(Note: This is Part 12 in the series started here. The previous installment is here. In each post, I comment on one of the fourteen points made by Dennis Prager in his article, “If There Is No God.”)
Dennis Prager’s Point #12:
Without God, humanist hubris is almost inevitable. If there is nothing higher than man, no Supreme Being, man becomes the supreme being. [Note 1.]
Of course man is the supreme being!
Man is supreme because among all living things, he has the capacity to think. This faculty does not make him infallible, omniscient, or omnipotent. It does make Homo sapiens superior to all other creatures in the animal kingdom. This is true in both absolute and relative terms: absolute, because our conceptual faculty is an incomparably valuable asset for survival; relative, because I am a human, and thus regard it as improper to subordinate myself to other forms of life (not to mention to transparent superstitions).
By definition, hubris is excessive self-confidence or pride, meaning self-confidence or pride beyond what one may legitimately claim. This idea is consonant with the Greek ideal of moderation (sophrosyne), pride being a virtue flanked by the vices of vanity (excessive pride) on the one side and humility (deficient pride) on the other. For the Greeks, pride was good; but an hubristic hero of Homer who snubbed a god would find himself in hot water - or turbulent water, as the case may be. Though I do not agree with Aristotle’s formulation that holds the middle ground between vices as virtues, there is a sort of common-sense appeal to this arrangement: It is obviously foolish to hold an estimation of oneself higher than what one has earned, just as it is detrimental to underestimate one’s own abilities.
However, this pre-Christian Greek notion is not the one behind Mr. Prager’s statement. The Christian ethics hold humility itself as a virtue. Pride, which to an ancient Greek or an Objectivist would be a just recognition of one’s own achievements, to the Christian is one of the seven deadly sins. It is pride, not hubris, that is the target of Prager point #12.
Wikipedia image: Hieronymus Bosch, The Seven Deadly Sins and Four Last Things[Note 2.]
Both subjectivists and religionists might produce innumerable counterexamples that would seem to refute man’s status as a superior being. History is rife with endless bloody wars, barbarity, murder, and rape. Man, they may claim, is the lowest of all creatures, not the highest. He is vain, petty, foolish, and superstitious - a luster of power, a slave to his cravings. The religionist would claim that God is the only redeemer of such a base being; the subjectivist admits of no redemption.
I disagree with both perspectives. To claim that man as a species is supreme does not require that every man be rational and virtuous. It requires only that men be capable of reason and virtue.

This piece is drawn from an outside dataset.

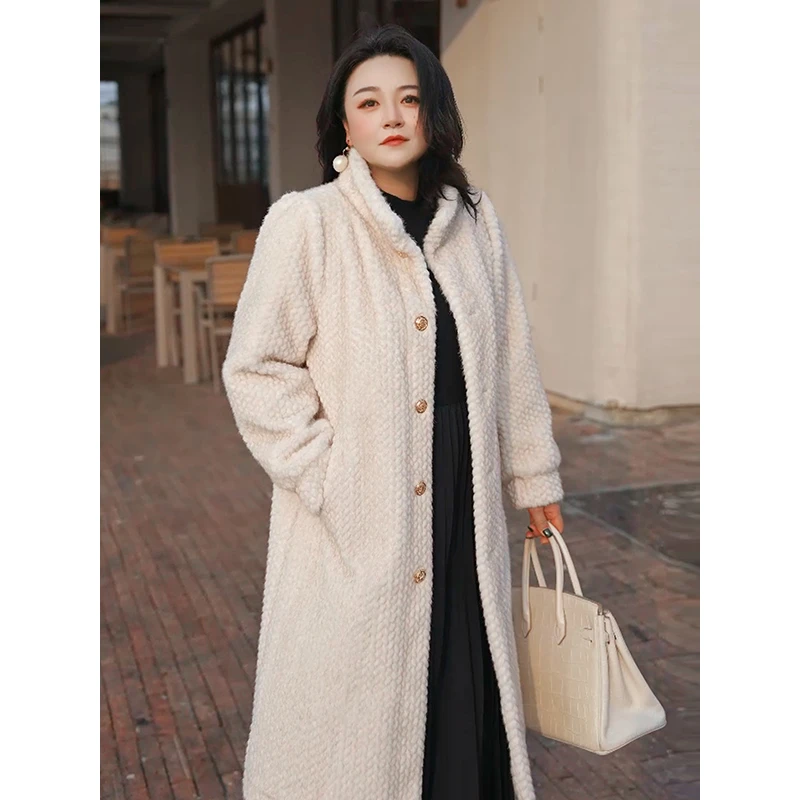 MsShe大码女装春装轻奢仿水貂毛麂皮绒长款大衣外套J~M2410090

What Prager is demonizing as “humanist hubris” is the egoism and self-confidence that drives a man to seek knowledge in the service of his own life. Prager rails against the pride of a man who looks to nature instead of to scripture, who judges right and wrong based on facts instead of commandments, and who deserves to feel good about his own efficacy. It is not quite true that such a man is his own God, as Prager suggests; this would imply a subjective arbitrariness to his judgments. Rather, such a man needs no God: hence the desperation of the religious in the modern world.
A man who thinks for himself is anathema to religious faith, particularly to the monotheistic religions that demand his exclusive faith and obedience. In ancient Greece, man took his first steps as a species undeniably worthy of the adjective supreme. He looked to nature, not heaven, to understand nature; to man, to understand man. He began to classify and systematize. He invented and applied logic. But this was interrupted by the Age of Christianity, and its offshoot, the Age of Islam. The Greek ideal was outdated; a man standing proud and upright like one of the gods he created had to be damned as “hubristic.” In the shadow of Christ, man was puny and ugly, “crooked and sordid, bespotted and ulcerous.”[Note 3.]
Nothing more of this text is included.